Error characterization and mitigation: Errors are categorized as SPAM, statistical, and systematic. SPAM errors are mitigated via calibration and filtering using Qiskit Ignis measurement mitigation. Statistical errors are reduced by using the maximum shots per circuit and repeated runs (with caution to avoid drift-induced systematics). A simple noise model assumes that with probability p the system jumps to a random state and remains there, modeled as ρ=(1−p)ρs+p I/8. Since the 8th basis state does not participate in the dynamics for seven-site models, its population serves as a noise proxy. Mitigation subtracts counts from site 8 uniformly across all sites and renormalizes, and performance is quantified by an accuracy metric A^2=(1/N)∑(yi−f(xi))^2−σi^2 relative to classical simulations.
Benchmark problems:
- Linear ordered 7-site chain: H=∑n |n⟩⟨n+1|+h.a., with zero site energies and unit nearest-neighbor coupling. Dynamics discretized into 75 time points; each point averages three jobs of 8192 shots on ibmq_santiago.
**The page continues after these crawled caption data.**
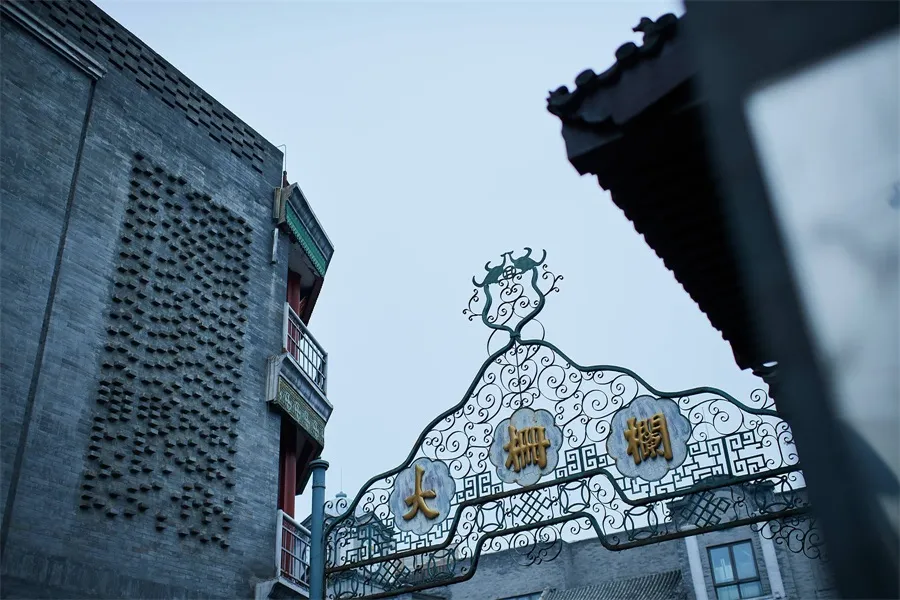 A traditional Chinese architectural gate adorned with ornate metalwork and Chinese characters.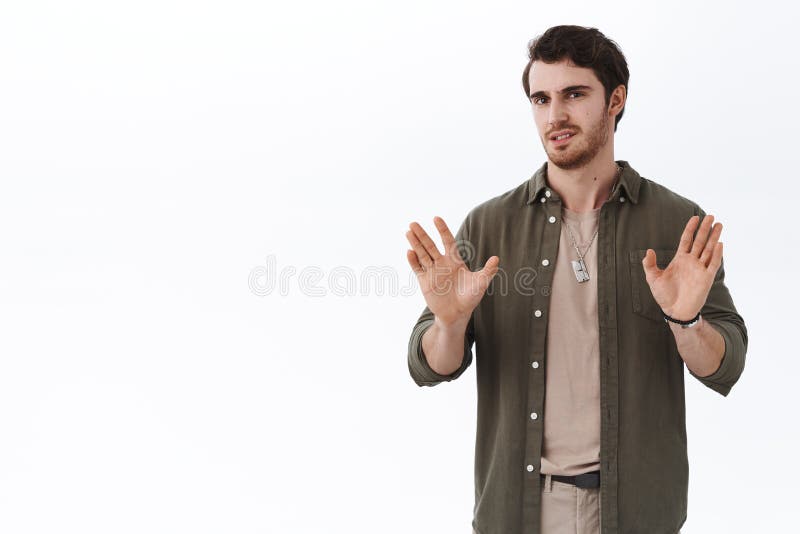 Quit this bullshit. Serious-looking busy handsome guy showing stop, enough or dont gesture with hands raised near chest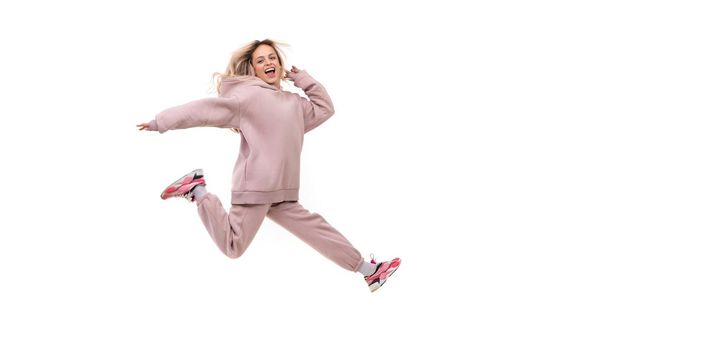 young woman in a jump in a tracksuit of beige color on a white isolated background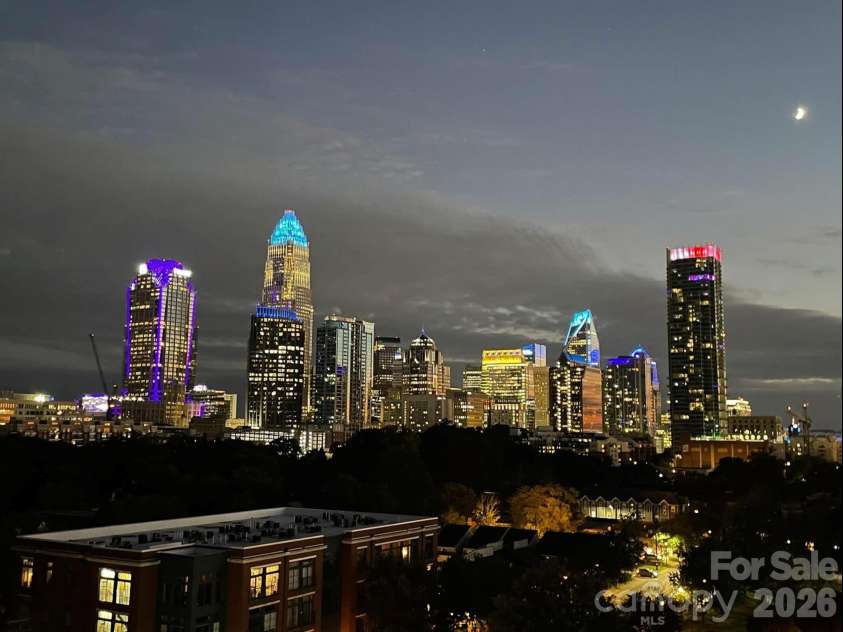 715 Graham Street, Charlotte, NC 28202.  MLS# CAR4383984, YatesRealty ID 6452. Nighttime skyline view from living room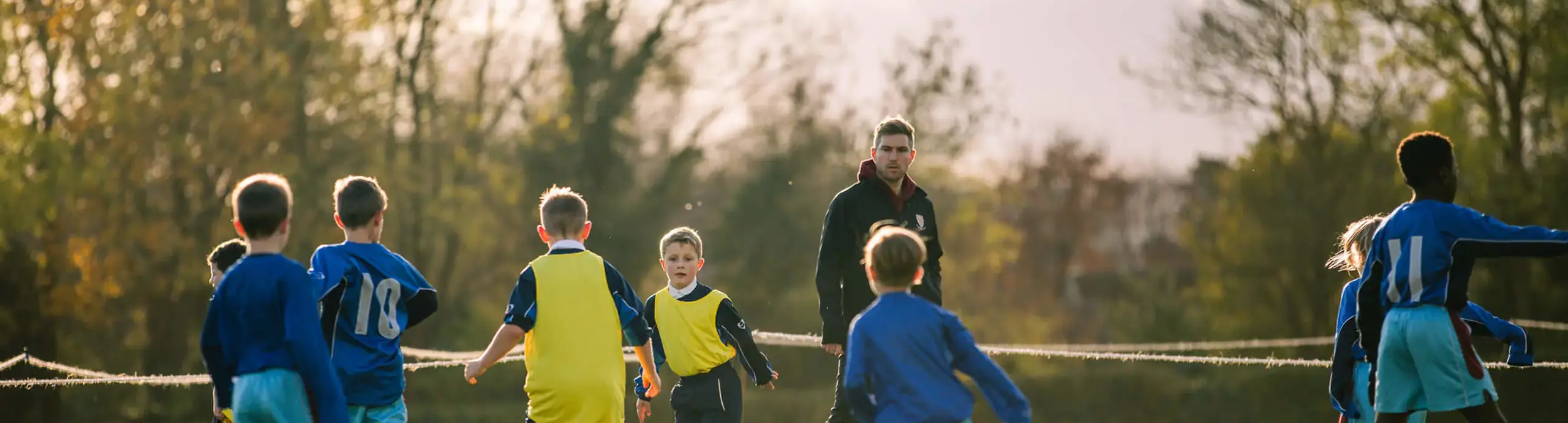 Junior School pupils playing football at St Chris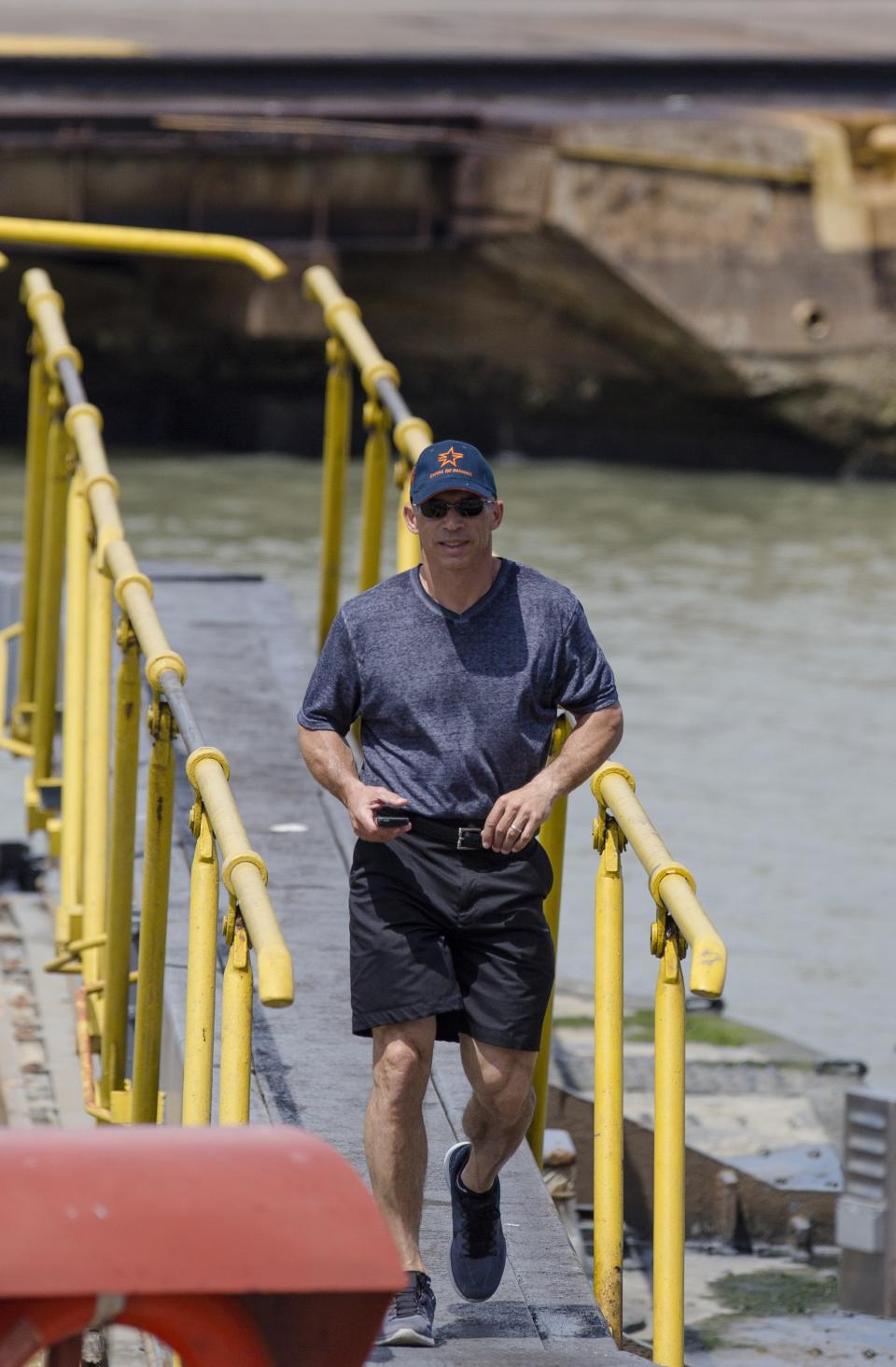 Joe Girardi manager of New York Yankees walks across the the Miraflores Locks at the Panama Canal in Panama City, Friday, March 14, 2014. The New York Yankees and the Miami Marlins will play on March 15-16, in the "Legend Series" to honor recently retired Yankees pitcher Mariano Rivera. (AP Photo/Tito Herrera)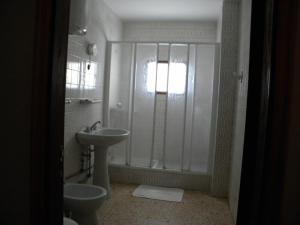 a bathroom with a shower and a sink and a toilet at Apartamentos Restinga in La Restinga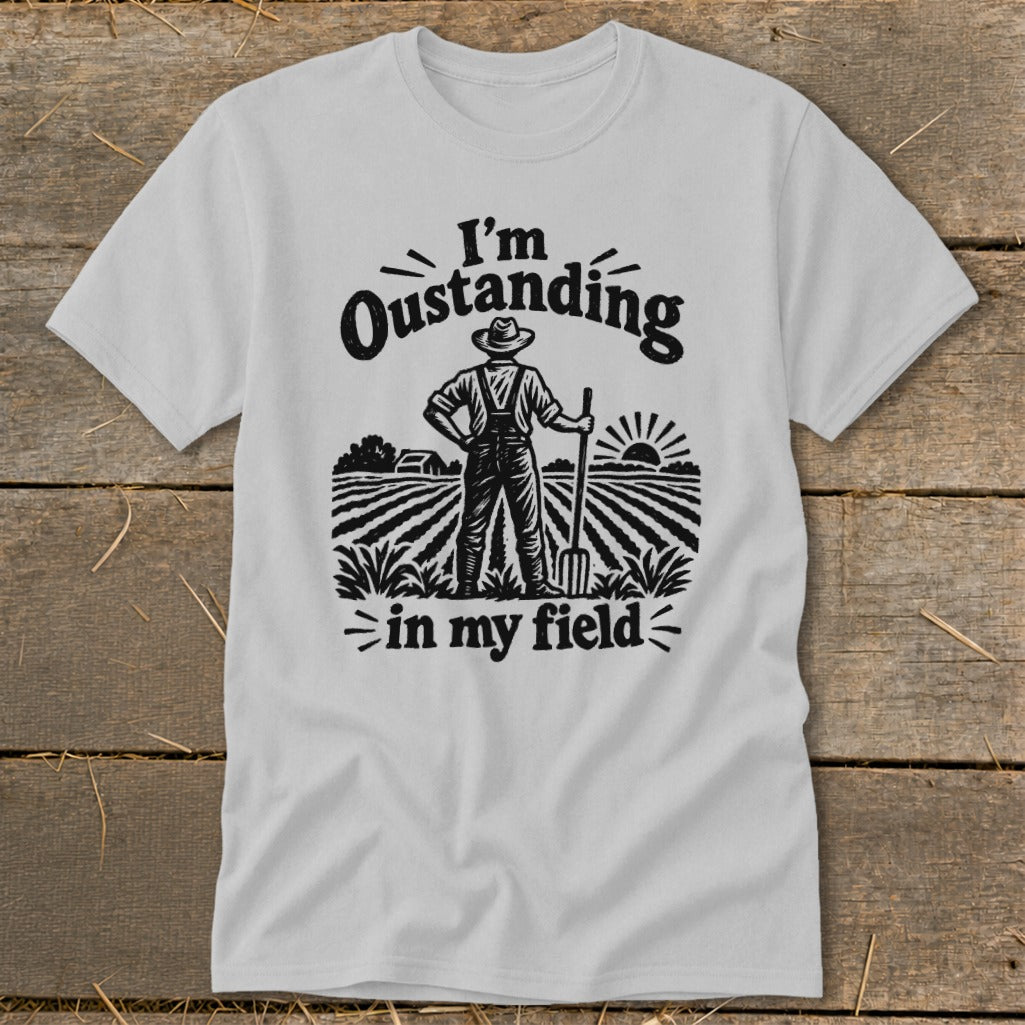Gray t-shirt with "I'm Oustanding in my field" text and farmer graphic.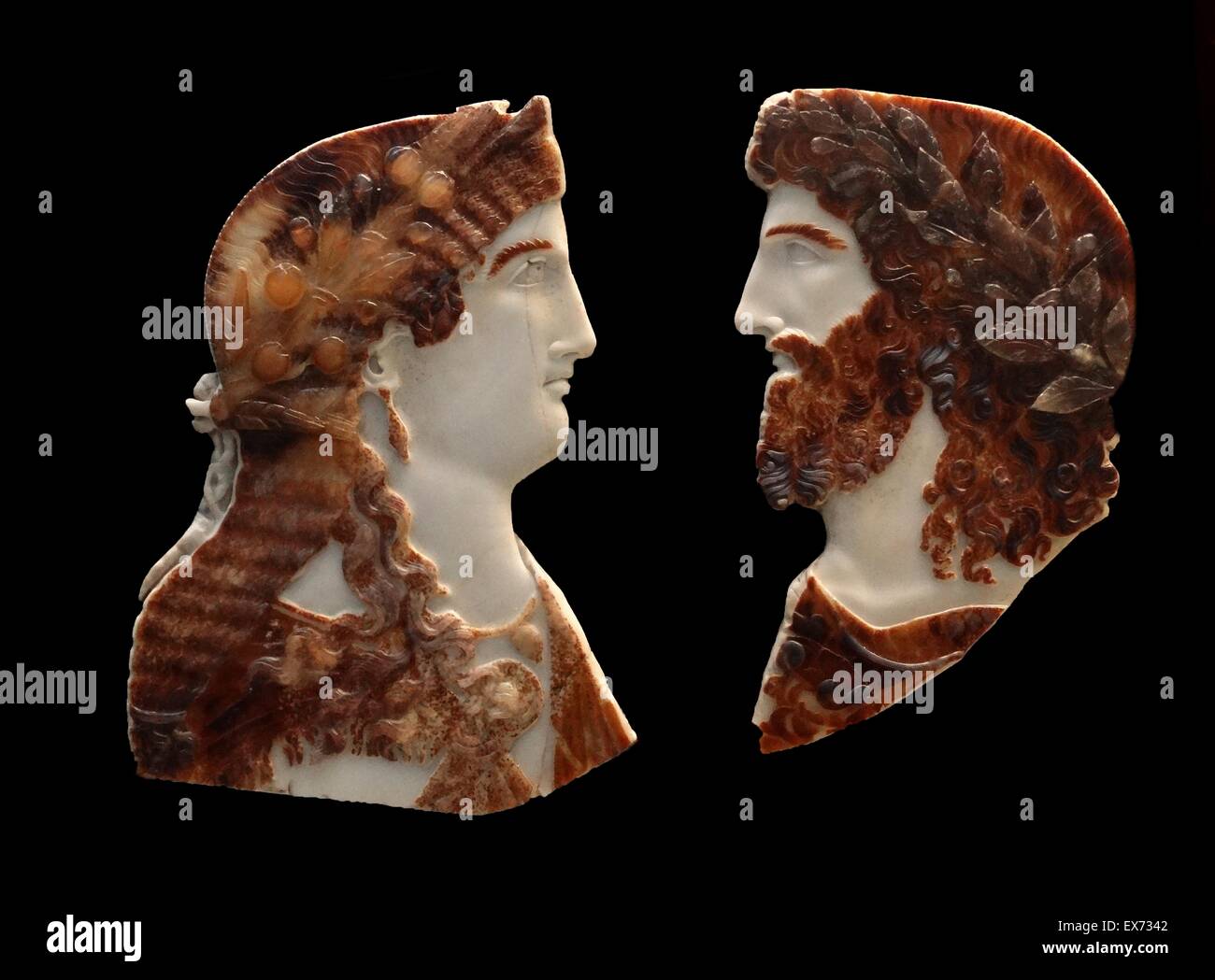 Sardonyx cameo busts of two members of the Roman Imperial family, depicted as Jupiter Ammon and Juno or Isis. About AD 37-50. The woman resembles the princesses of the imperial houses of Gaius (Caligula, AD 37-41) or Claudius (AD 41-54). The male figure i Stock Photo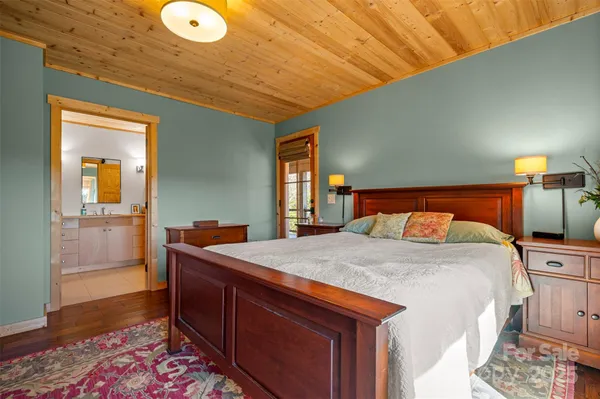 a bed room with a bed and a dresser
- FMO complex: 7×7 Hamiltonian (in cm−1 units, shifted so the receptor site energy is 0) as given in Eq. (10). Initial state is an equal superposition of sites 1 and 6. Site populations are measured over time on ibmq_santiago and compared with classical and QASM simulations.
Key Findings
- Three-qubit unitary synthesis: Using a modified Khaneja–Glaser Cartan decomposition for su(8), the authors implement arbitrary 3-qubit unitaries with at most 73 single-qubit rotations and 26 CNOTs prior to device-specific transpilation, providing an exact (non-Trotterized) mapping of U(t) for three-qubit subsystems.
- Hardware execution: On ibmq_santiago (QV=32), transpilation for line connectivity increased CNOT count from 26 to 38. Typical error rates were ~6.5% (CNOT) and ~0.25% (1Q). Estimated circuit fidelity ~76% (ibmq_santiago) and ~69% (ibmqx2), though results are reported from ibmq_santiago due to large systematics on ibmqx2.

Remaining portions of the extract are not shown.